3

I searched a bit but haven't found the answer to this question..

I built a non-binary tree, so each node can have any number of children (called n-ary tree i think)

To help with searching, I gave every node a number when i built the tree, so that every node's child nodes will be bigger, and all the node to the right of the it will be bigger as well.

something like this:

tree stucture

This way I get logn time for search

The problem comes when I want to insert nodes. This model would not work if I want to insert nodes anywhere but the end.

I thought of a few ways to do it,

  1. insert the new nodes at the desired location, then update the number of all the nodes "behind" it.

  2. instead of using a single number to represent each node, use an array of numbers. The numbers in the array will represent its location on that specific level. For example, node 1 will be {0}. Node 9 will be {0,2}. Node 7 will be {0, 0, 1, 2}. Now when inserting, I just need to change the numbers on that level.

  3. forget all the numbering and just compare every node until the correct one is found. Insertion don't need to care about numbers either.

My question is, which way would be better?

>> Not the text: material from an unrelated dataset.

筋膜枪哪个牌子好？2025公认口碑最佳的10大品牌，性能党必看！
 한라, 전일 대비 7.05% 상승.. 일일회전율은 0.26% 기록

I'm not sure if using an array of integers to represent each node is very fast.. maybe it is still faster than the first way? Are there other ways of going about this?

Thank you in advance.

user1610613
  • 517
  • 8
  • 13
  • What are you searching for -- the numbers that you show or unspecified data which is stored in the nodes? If the latter, I don't see how having the nodes numbered like that gives you `log(n)` search time for the data. What is the link between the data and the numbers? – John Coleman Jan 02 '17 at 03:34
  • Why do you need variable number of children again? – Adrian Colomitchi Jan 02 '17 at 04:06
  • I am searching for the number. They are only created to help me search. There is no other link. – user1610613 Jan 02 '17 at 06:13
  • How do you get log(n) search time from this structure? If I'm searching for node 13, what is the sequence of nodes that are searched, and why? – Jim Mischel Jan 03 '17 at 14:59
  • it will be 1, 2, 8, 9, 10, 11, 12, 13, basically skipping everything under node 2. The way it does this is by comparing the target node number to the searched node number and the next node as well to determine if it should enter the current node. For example, the program looks at 2, then looks at the next node 8, and find that 13 is bigger than 8. So it moves on to 8, and looks at next node 9. 13 is also bigger than 9, so it moves on to 9, and there is no next node, so it enters the sub-nodes of 9. Also I went with option 2 in the end. – user1610613 Jan 12 '17 at 03:27

1 Answers1

2

I gather that the problem you have is to assign a unique identifier to each node in such a way that you can find the node given its unique id in sublinear time.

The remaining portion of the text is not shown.